What an amazing gift! You have received none other that can compare to this! The Spirit is promised to all, and this “all” included all in the first century who would come to Christ, from wherever they would come, as well as “all” in all the generations to come. Peter makes this clear in the remainder of the sermon, which Luke tells us went on well beyond the words he, Luke, passed on to us.
39 For the promise is for you and for your children and for all who are far off, everyone whom the Lord our God calls to himself.” 40 And with many other words he bore witness and continued to exhort them, saying, “Save yourselves from this crooked generation.” 41 So those who received his word were baptized, and there were added that day about three thousand souls.
“The promise is for you and for your children and for all who are far off, everyone whom the Lord our God calls to himself.” Are you “far off”? Is there a great distance between you and the Lord? You are no so far that you cannot return and you are not so far that the love of God cannot reach you.
Does this “far off” language sound familiar to you? It should. In one of Jesus’ most famous parables, the parable of the prodigal son, we hear the story of a son who left his father’s house, rebelled, hit rock bottom, came under conviction, then determined to return in repentance to his father’s house. In Luke 15:20, we read, “And he arose and came to his father. But while he was still a long way off, his father saw him and felt compassion, and ran and embraced him and kissed him.”
“the promise is for…all who are far off.”
“while he was still a long way off, his father saw him and felt compassion”
You are not too far off to come home.
You are not too far off to come home.
Repent, for the Kingdom of God is at hand.
Repent, and you will receive the tender, healing, life-giving mercies of Jesus.
[1] John B. Polhill, Acts. The New American Commentary. Vol.26. David Dockery, gen. ed. (Nashville, TN: Broadman Press, 1992), p.116. A.T. Robertson, Acts. Word Pictures in the New Testament. Vol.III (Nashville, TN: Broadman Press, 1930), p.34. Clinton E. Arnold, “Acts.” Zondervan Illustrated Bible Backgrounds Commentary. Vol.2. Clinton E. Arnold, gen. ed. (Grand Rapids, MI: Zondervan, 2002), p.236.

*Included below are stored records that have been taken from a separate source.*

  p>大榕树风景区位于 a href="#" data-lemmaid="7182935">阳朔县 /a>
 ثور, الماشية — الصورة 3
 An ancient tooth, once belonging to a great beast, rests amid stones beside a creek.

[2] John Calvin, Acts. The Crossway Classic Commentaries. Alister McGrath and J.I. Packer, ser. eds. (Wheaton, IL: Crossway Books, 1995), p.44.
[3] Polhill, Acts, p.117. Robertson, Acts, p.36. Ben Witherington III, The Acts of the Apostles: A Socio-Rhetorical Commentary. (Grand Rapids, MI: William B. Eerdmans Publishing Company, 1998), p.154-155. William H. Willimon, Acts. Interpretation. (Louisville, KY: John Knox Press, 1988), p.32. Arnold, “Acts,” p.237. F.F. Bruce, The Book of Acts (Revised). The New International Commentary on the New Testament. Gordon D. Fee, gen. ed. (Grand Rapids, MI: William B. Eerdmans Publishing Company, 1988), p.70.